Top of DATA UNDER STUDY
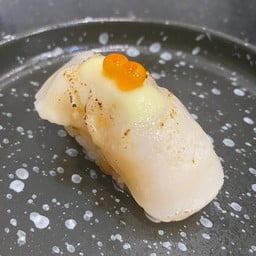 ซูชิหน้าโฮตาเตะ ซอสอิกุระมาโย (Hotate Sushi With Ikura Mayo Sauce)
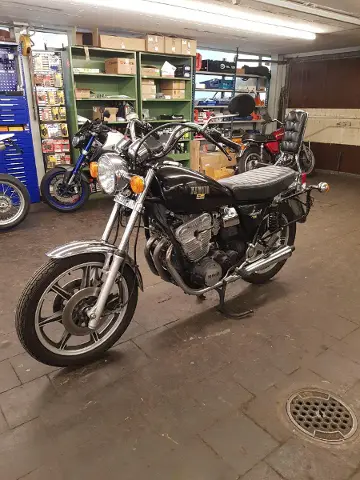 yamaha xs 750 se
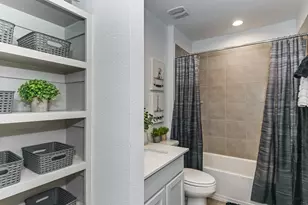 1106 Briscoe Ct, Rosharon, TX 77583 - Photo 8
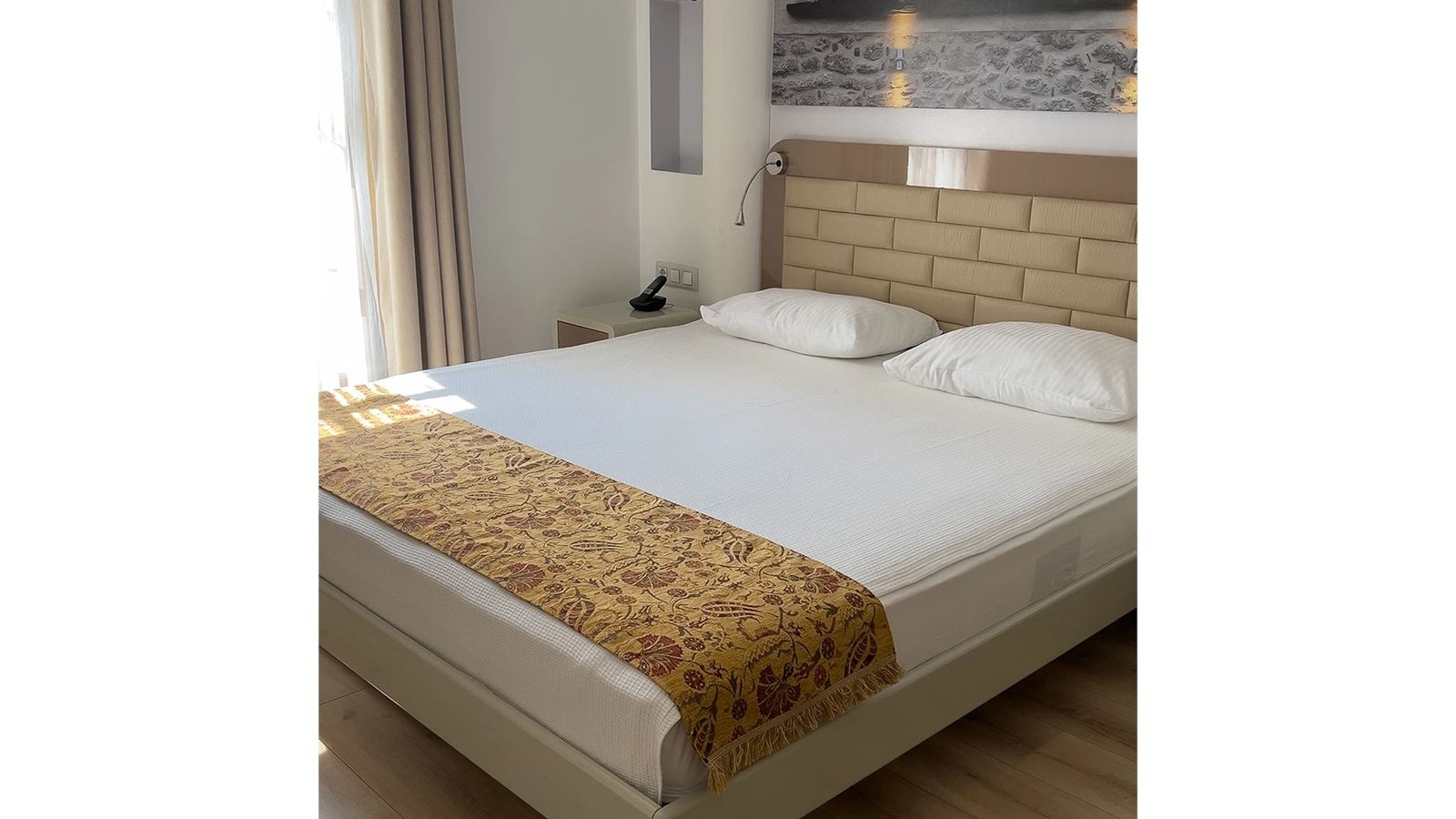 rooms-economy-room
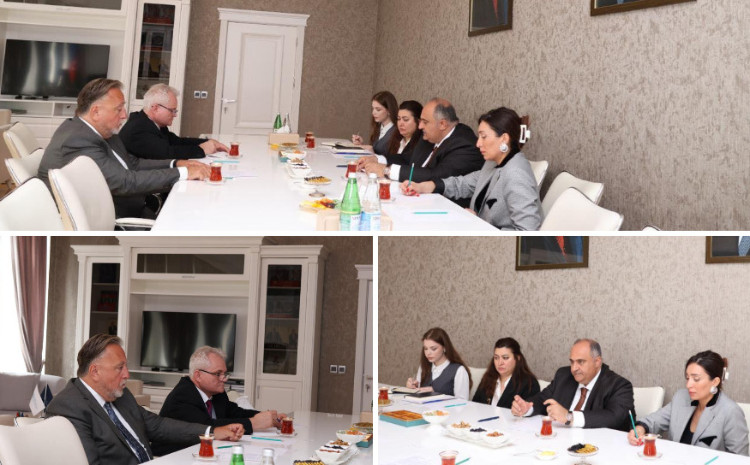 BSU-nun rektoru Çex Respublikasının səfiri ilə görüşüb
Bottom of DATA UNDER STUDY
*ABOUT THIS EXERCISE:*
Please set down the lines above word for word and leave out the pictures.

*SOLVED EXERCISE:*
 ซูชิหน้าโฮตาเตะ ซอสอิกุระมาโย (Hotate Sushi With Ikura Mayo Sauce)
 yamaha xs 750 se
 1106 Briscoe Ct, Rosharon, TX 77583 - Photo 8
 rooms-economy-room
 BSU-nun rektoru Çex Respublikasının səfiri ilə görüşüb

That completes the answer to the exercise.